YouTube recently joined The Hercules Campus as an occupant of building 17, hiring HLW to design the interior of an extension for its YouTube Next Lab facility. The main floor is focused on production studios, and the second level is being designed for open, creative office space. For fun, YouTube placed a refurbished helicopter out front and installed a working fire pole that extends through all levels. Advertising firm 72andSunny also relocated its U.S. headquarters to the Hercules Campus (from Culver City) and hired local firm LeanArch for its build-out and renovation.

The 1940s Hughes buildings express the cachet that tech firms covet: buildings with “good bones” drenched in history and character. But such structures are hard to come by these days, especially with the large floor plates tech firms need. Consequently, one “traditional” office space owner is redesigning its property into creative space. Practically next door to The Hercules Campus at Playa Vista is Latitude 34, developed by Lincoln Property Company. These two buildings have remained empty since opening in 2009. So Lincoln Property Company has hired Gensler to reconfigure them and two adjacent buildings into more tech-attractive spaces.

“We are approaching the office building of the future in a completely different way today,” said Gensler principal Michael White. “We’re renovating, repositioning, and frankly ‘hacking’ existing buildings that were designed under the old paradigm, in order for them to satisfy the demands of the new creative workplace.”

 
Gensler's improvements to the Playa Jefferson offices in Mar Vista.
Courtesy Gensler
 

White designed the Animation Campus for video gaming company Electronic Arts (also in Playa Vista), and worked recently with Activision Blizzard on its headquarters, as well as with IMAX and Red Bull, all in Santa Monica. The firm is also undertaking significant office improvements at Playa Jefferson, a conglomeration of creative offices in Mar Vista that includes a thorough revamping of public spaces. For the Latitude 34 makeover, White and his team created individual entryways and addresses for businesses, instead of the current design, which funnels all tenants through a single common public lobby.

“Tenants want the individualized, branded feeling, where they can hang their sign over the door,” said White. They also want architects “to break down the size of the facade to make it feel like separate row houses.”

Gensler will also punch through levels to create two connecting floors; a common practice in new tech offices. Connections between the tenant suite and the exterior landscaping will be added at all levels, and outdoor spaces will become more individualized.
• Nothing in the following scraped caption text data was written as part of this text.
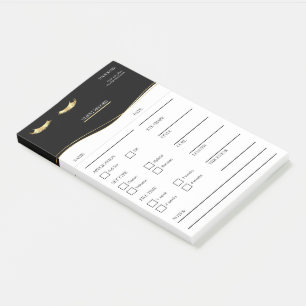 Élégantes notes Post-it® noires et dorées pour cli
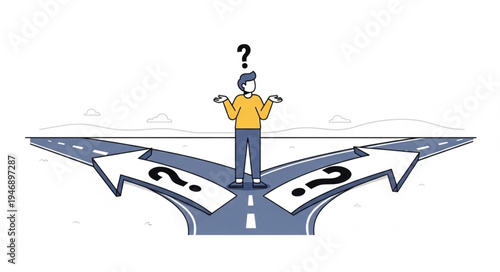 Man at crossroads making decision.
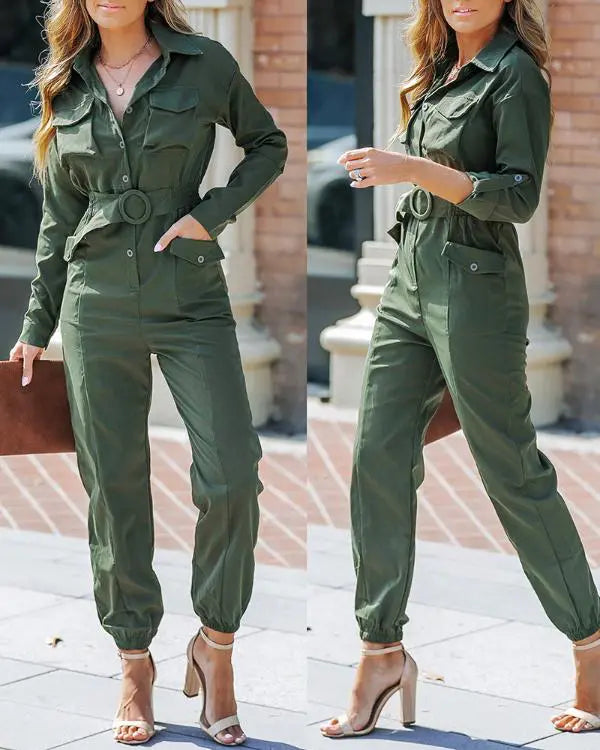 Roll Up Sleeve Pocket Design Shirred Buckled Cargo Jumpsuit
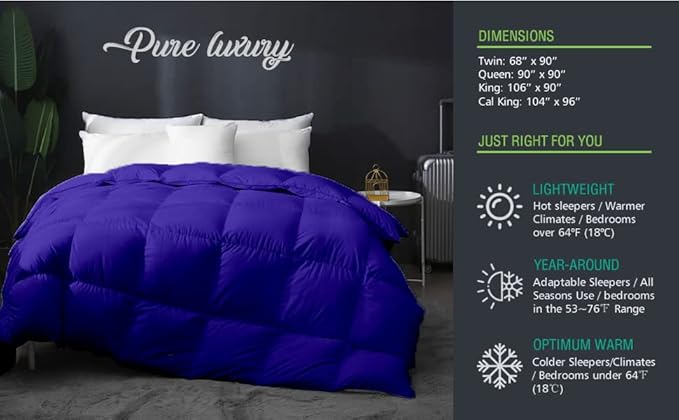 Eco Friendly Box Pleated Twin/Twin XL Comforter Duvet Insert Royal Blue-Soft Plush Fiber Fill,1000-TC Insert 100% Microfiber Cotton Down Alternative Comforter Soft (68 x 90 Inches)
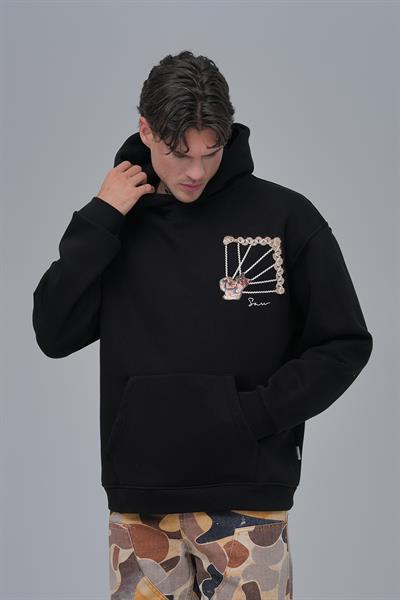 Heritage Threads Oversize Sweatshirt Erkek Siyah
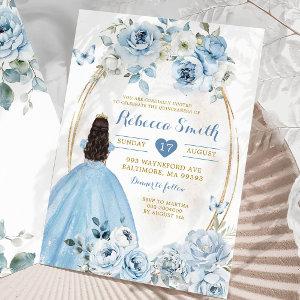 Gold Baby Blue Floral Princess Quinceañera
“Instead of one long linear park, it should be six or seven pocket parks that are each unique,” said White. “One area is for checking email outdoors. Another is a community spot with an amphitheater. Instead of concrete, the materials will be loose, organic, and natural, with woods and fabric canopies and trellises.”

If Playa Vista and the rest of Silicon Beach take off, look for other markets to follow suit. Recently, the city of El Segundo launched its own “incubator district,” Smoky Hollow, to attract tech and creative tenants to the old warehouses and bow-truss buildings near LAX.